* Data section:
________
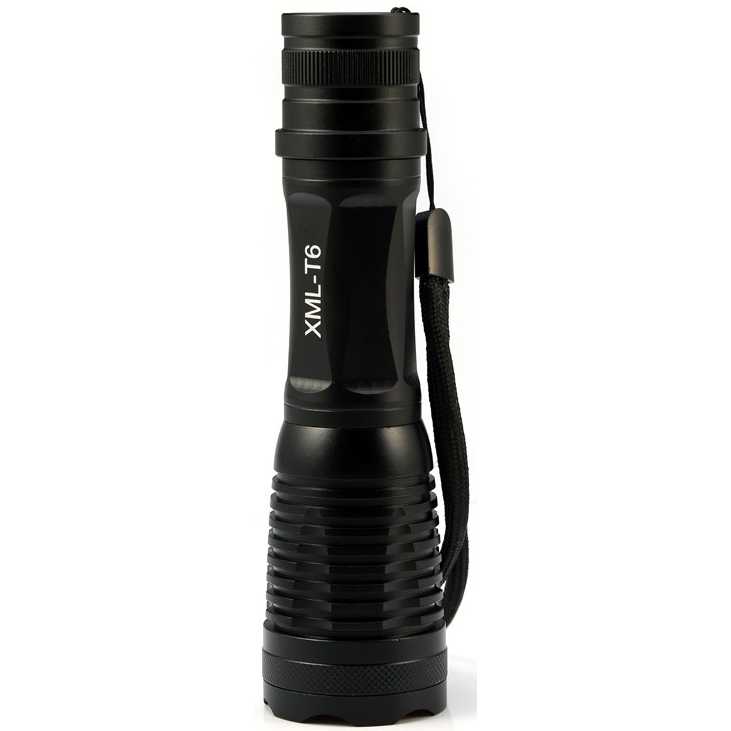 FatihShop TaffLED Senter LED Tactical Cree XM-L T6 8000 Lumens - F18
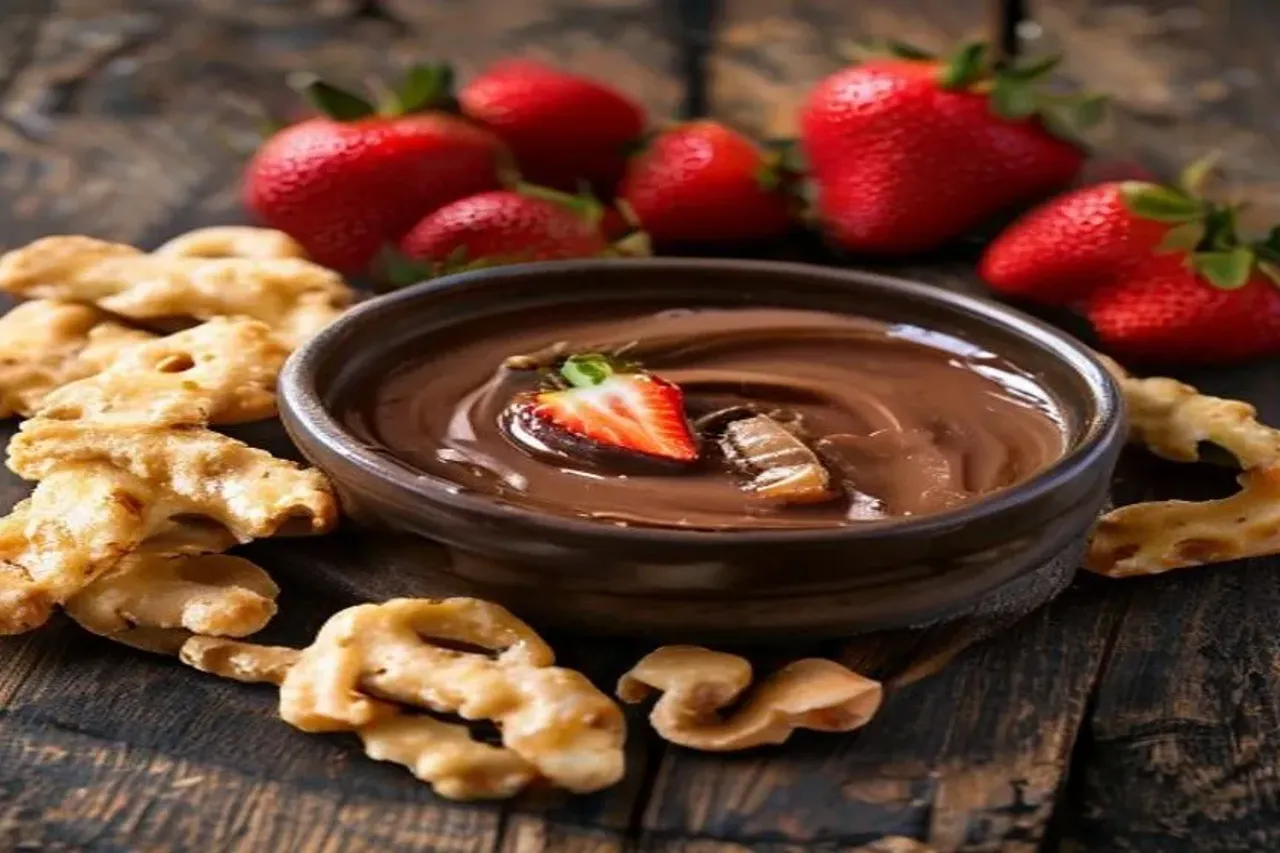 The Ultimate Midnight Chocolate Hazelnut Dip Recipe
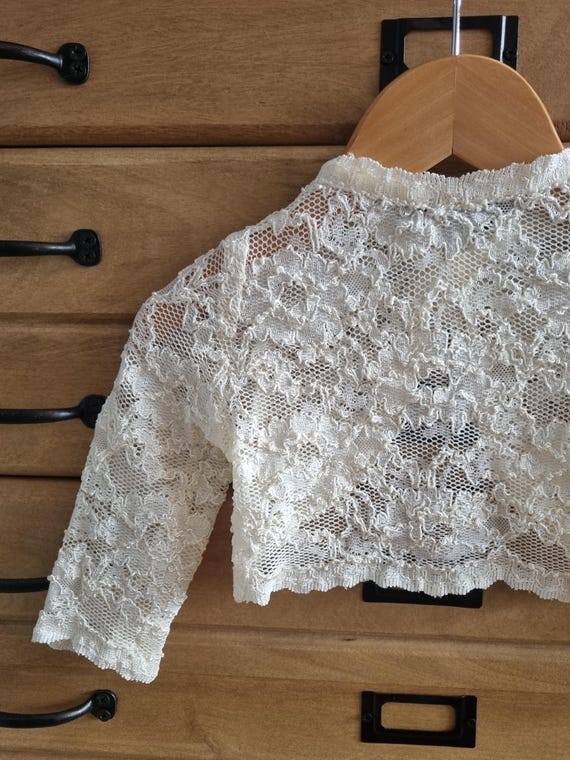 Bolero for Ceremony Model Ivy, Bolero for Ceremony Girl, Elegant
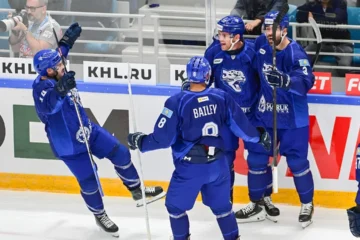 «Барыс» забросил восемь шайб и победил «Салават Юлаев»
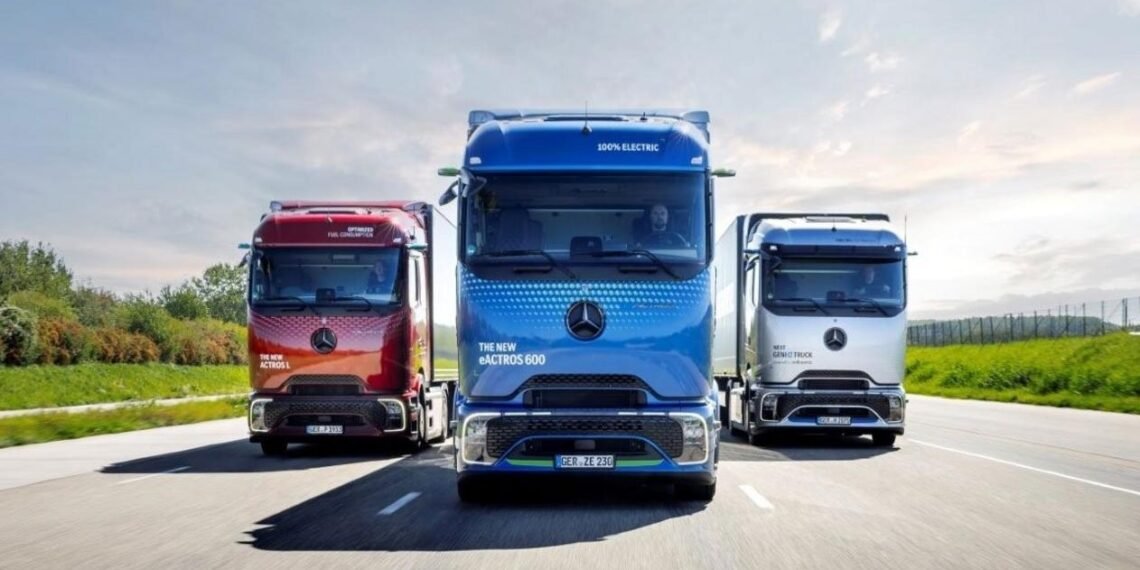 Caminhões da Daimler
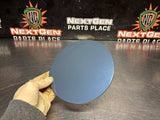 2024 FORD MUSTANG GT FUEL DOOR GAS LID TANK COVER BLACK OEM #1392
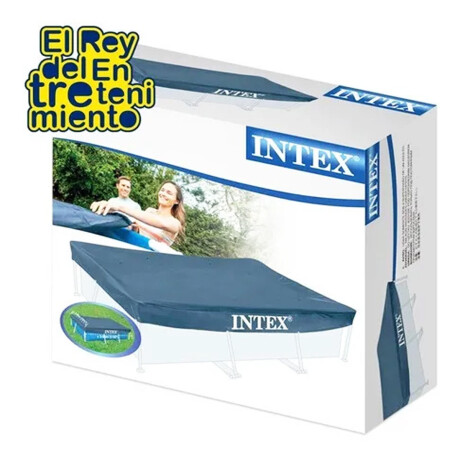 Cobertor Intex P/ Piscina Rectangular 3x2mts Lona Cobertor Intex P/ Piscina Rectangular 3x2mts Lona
________
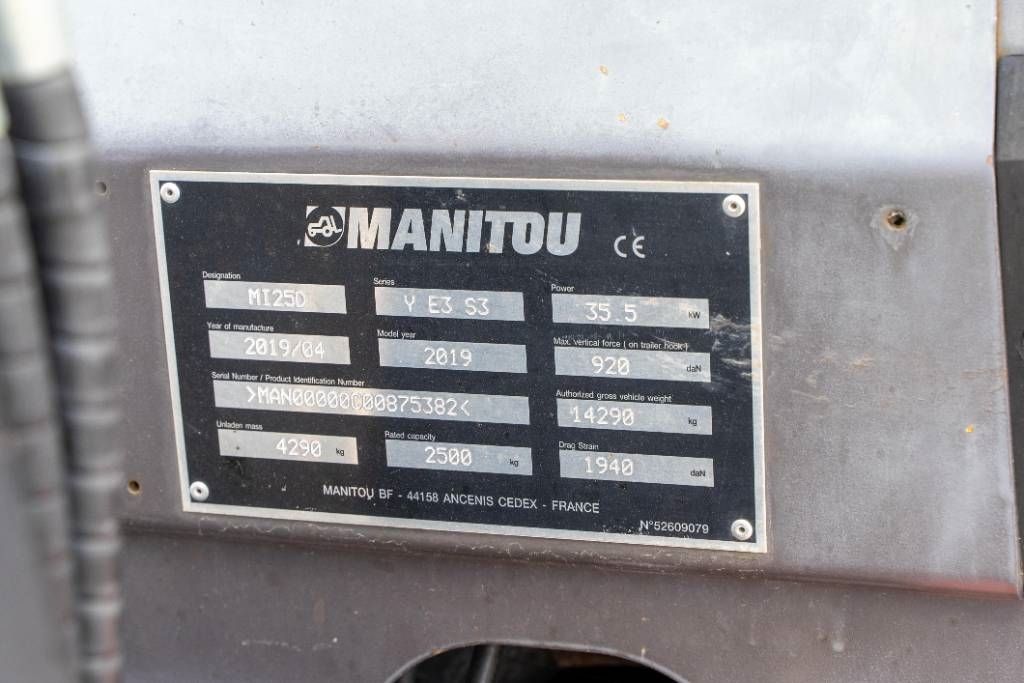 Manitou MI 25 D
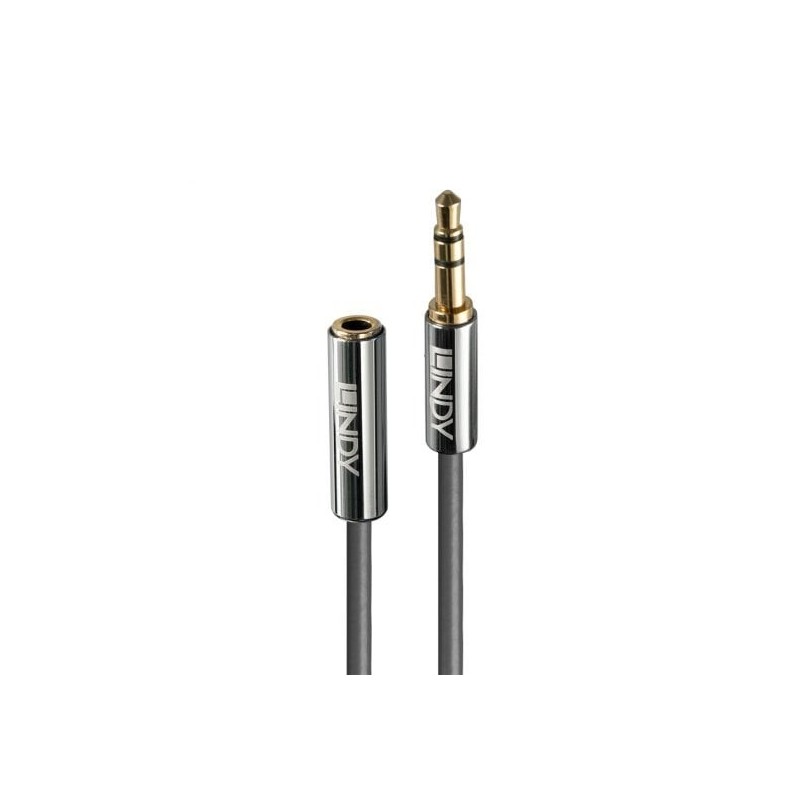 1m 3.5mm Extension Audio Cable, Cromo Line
________
* What needs to be done:
Write out exactly the run of lines above that starts at the line containing "The Ultimate Midnight" and ends at the line containing "Cobertor Intex P/ Piscina Rectangular 3x2mts Lona Cobertor". Include both, and leave the pictures out.

* Output of the task:
 The Ultimate Midnight Chocolate Hazelnut Dip Recipe
 Bolero for Ceremony Model Ivy, Bolero for Ceremony Girl, Elegant
 «Барыс» забросил восемь шайб и победил «Салават Юлаев»
 Caminhões da Daimler
 2024 FORD MUSTANG GT FUEL DOOR GAS LID TANK COVER BLACK OEM #1392
 Cobertor Intex P/ Piscina Rectangular 3x2mts Lona Cobertor Intex P/ Piscina Rectangular 3x2mts Lona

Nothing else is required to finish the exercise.